In the back of a green filing cabinet, third drawer down, is a stack of fanfold computer paper about two inches thick. Across the front of it is the date it was printed: January 17, 1987. Above that, a cryptic account ID in larger letters: STG8384. It's a package of correspondence, one letter per page, from my first few months away from home. I am STG8384, and that package tangibly represents the most valuable benefit I took away from that year at Oberlin College: my development as a social and sexual creature, facilitated by electronic mail.

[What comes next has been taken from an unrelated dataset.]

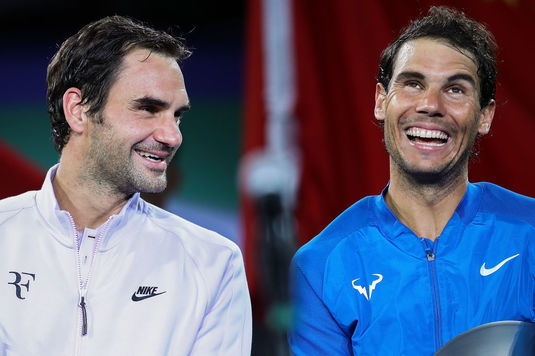 Roger Federer - Rafael Nadal, episodul 39, în semifinalele turneului de la Indian Wells, în direct la Telekom Sport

I remember that lonely first year, spending twenty or more hours per week in the computing center. I didn't feel able to meet anyone face to face: I had no ready-made community as a background in which to be social, and getting to know others "a la carte" was too intimidating. But through mailing lists and primitive VMS-based bulletin boards, I got used to seeing the same account IDs over and over again. Eventually I learned that SJB0274 was the gregarious but vulnerable Jodi from Chicago, SSG8776 was Stephen with the fine baritone singing voice, SJB5983 was a thoughtful Christian named John with a love for philosophical discussions. And finally, yes, I got to trust and like some of them well enough to explore feelings about sex and love.

Oberlin was only one place where electronic mail and chat has helped me to meet people, whether sexually or just as friends. It has been my way into societies around the world where I would otherwise have no entry. In Cincinnati, late-night sessions on a 300-baud modem introduced me to international chat and local bulletin board systems (BBSes). Visiting the San Francisco area for the first time, a BBS was my guide to a community of fat people and those who (like me) prefer them. In a Dutch city foreign to me, I was invited to a party as the result of logging into yet another BBS, Paisley Park. And since I still like to travel, national online services, the World-Wide Web, IRC and Usenet newsgroups continue to act as my yenta when I go out looking for dates.

It's hard for me to write about sex on the 'net without discussing other kinds of connections I've made through it. When I regard the memory-mosaic of people I've met via online media, the importance of a given experience doesn't entirely depend on whether we had sex. I've learned to better enjoy a range of relationships as they are -- àa la carte -- and have taken advantage of the extensive menu provided by the online world.